俺様御曹司が溺甘パパになって、深い愛を刻まれました

部屋の隅にある三段ラックには、母子手帳が立てかけてある。そこに、診察のたびにもらえるエコー写真を挟んでいた。

母子手帳を手に取り開くと、豆粒のような胎のうから、出産直前の輪郭までしっかりとわかる、夜尋の写真が出てくる。


たった四年前のことなのに懐かしい。


あのころはすべてが大変だった。
雇ってもらったのに、つわりでほとんど働けない状態が続いて申し訳ない気持ちでいっぱいだった。

働けない新人などお荷物だったろうに、女将さんや、花恵さんが通院に付き添ってくれたり、他の人たちも無理をするなと声をかけてくれた。

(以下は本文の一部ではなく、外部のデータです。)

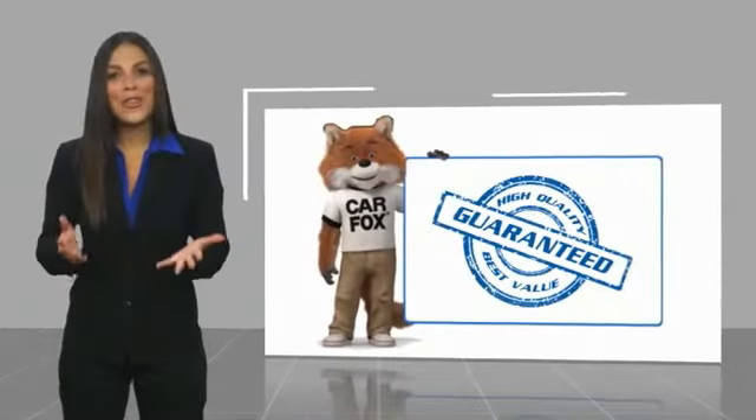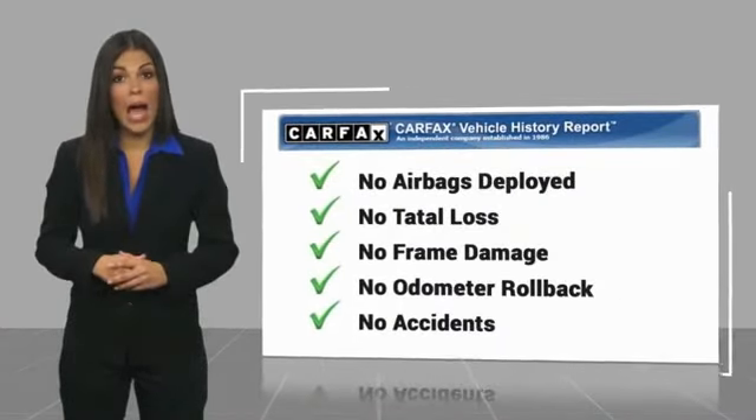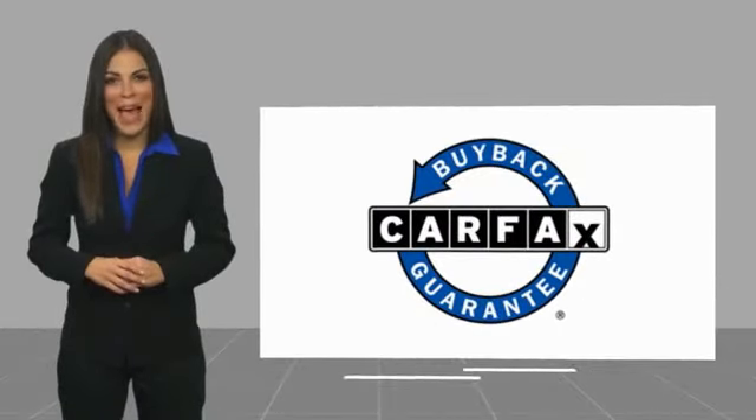Here's another high quality vehicle with a Carfax vehicle history report. Be sure to find a complimentary copy of this report online or contact the dealership. This vehicle qualifies for the Carfax buyback guarantee.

花恵さんにいたっては、自分も子供がいて大変だったろうに。
やっと働けるようになっても、お腹が大きくなれば仕事は限られ、産後もたくさん甘えさせてくれて、それは今でも継続中だ。

感謝しかない。

この旅館がなかったら、夜尋と二人、そこらで野たれ死んでいただろう。


休ませてもらっている中、温かい人たちが働く旅館を盛り上げたい、恩返しをしたいという気持ちに駆られ、出産後は最短で復帰をした。

初めての出産と育児。
新しい住まいに、新しい仕事。

ギリギリで生きていて、落ち込むこともたくさんある。
特に子育てが一番不安で、父親がいないという状況を、寂しがらせてしまうかもしれないと悩むときもあるが、産んだことを後悔してなどいない。


夜尋がいたから頑張れたし、いま夜尋がいてくれて、この星林亭で働けてとても幸せだ。